Data for analysis ▸
__________________________________________________
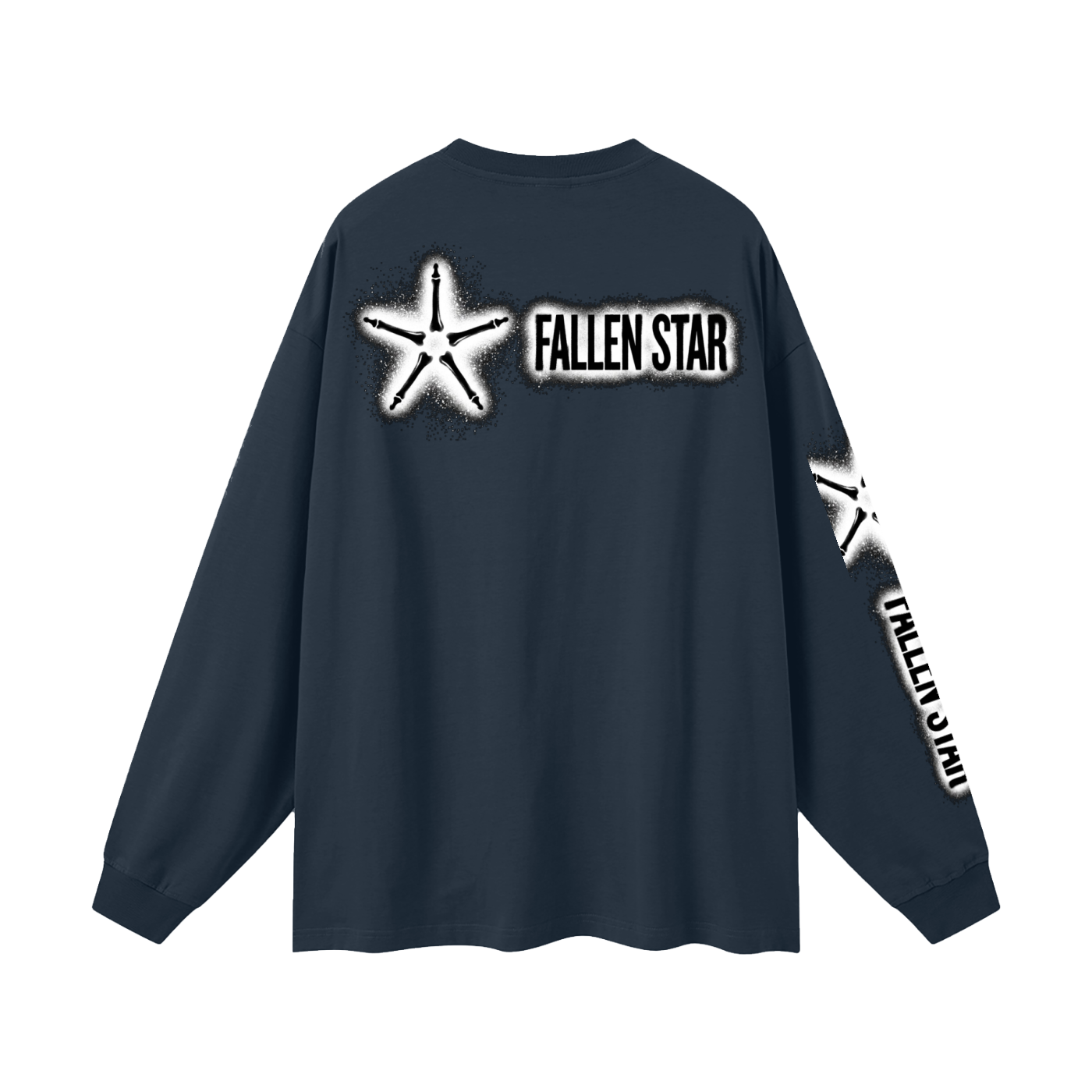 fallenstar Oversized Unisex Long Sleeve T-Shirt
__________________________________________________
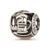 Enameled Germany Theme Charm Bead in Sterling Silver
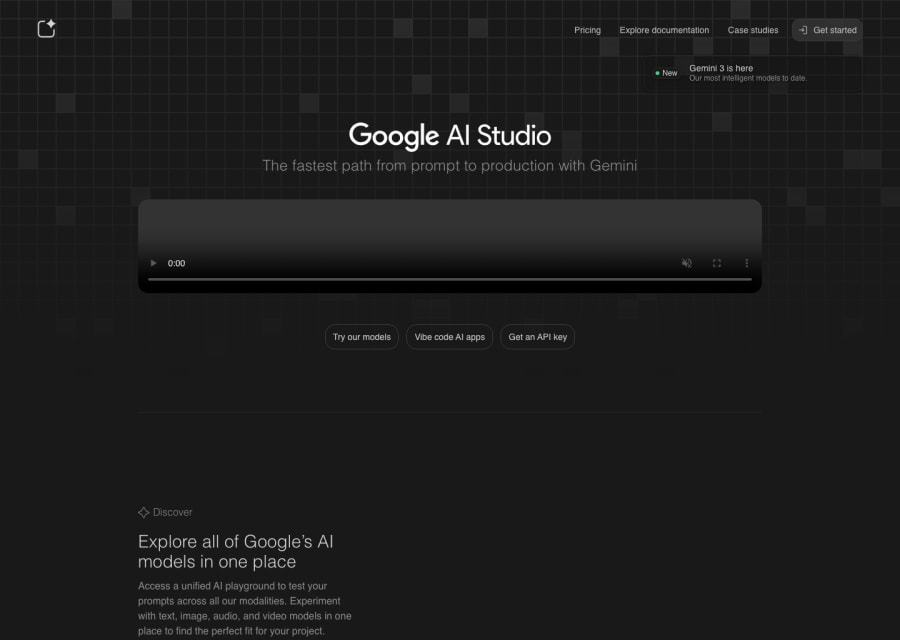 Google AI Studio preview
__________________________________________________
Although pictures appear among the records above, none are to be output; print exactly the lines from the line containing "Enameled Germany Theme" through the line containing "Google AI Studio preview".

 Enameled Germany Theme Charm Bead in Sterling Silver
 Google AI Studio preview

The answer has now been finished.